Task details
Print, in exact form, the lines below from the one containing "Moist Jund: One" through the one containing "Carpete azul 1,70 x 1,20", and omit all others.

Data records
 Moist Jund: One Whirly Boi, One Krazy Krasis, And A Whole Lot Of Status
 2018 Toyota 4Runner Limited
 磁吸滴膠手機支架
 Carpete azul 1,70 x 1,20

---

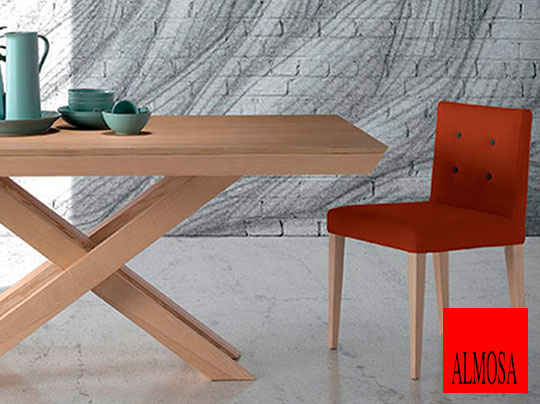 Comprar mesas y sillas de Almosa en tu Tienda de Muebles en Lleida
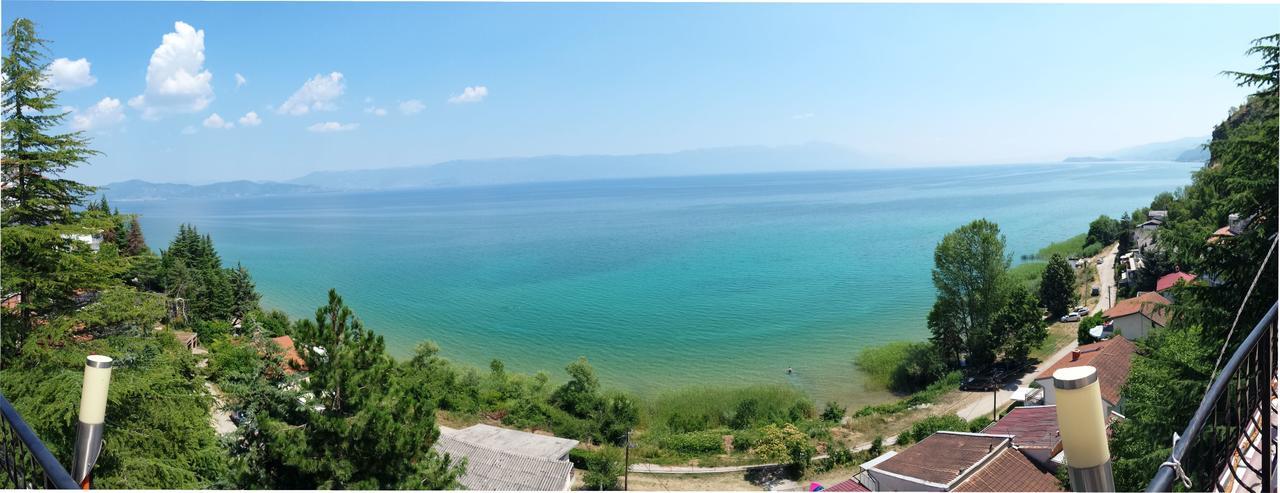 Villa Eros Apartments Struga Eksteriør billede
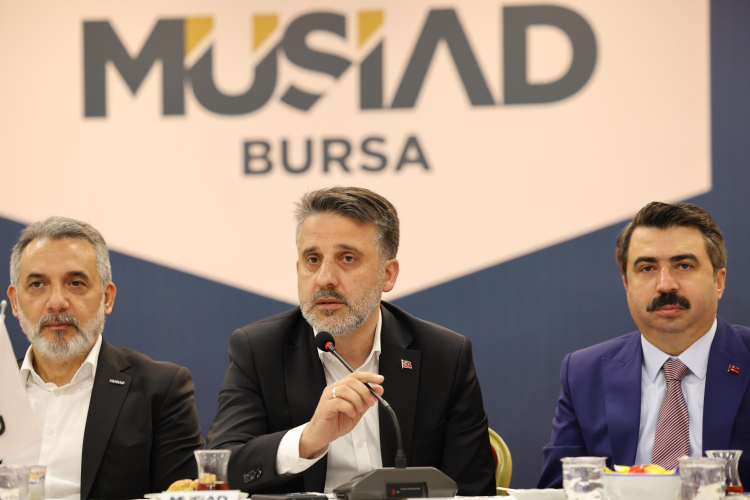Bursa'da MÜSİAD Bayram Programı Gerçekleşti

Response to the exercise
 Moist Jund: One Whirly Boi, One Krazy Krasis, And A Whole Lot Of Status
 2018 Toyota 4Runner Limited
 磁吸滴膠手機支架
 Carpete azul 1,70 x 1,20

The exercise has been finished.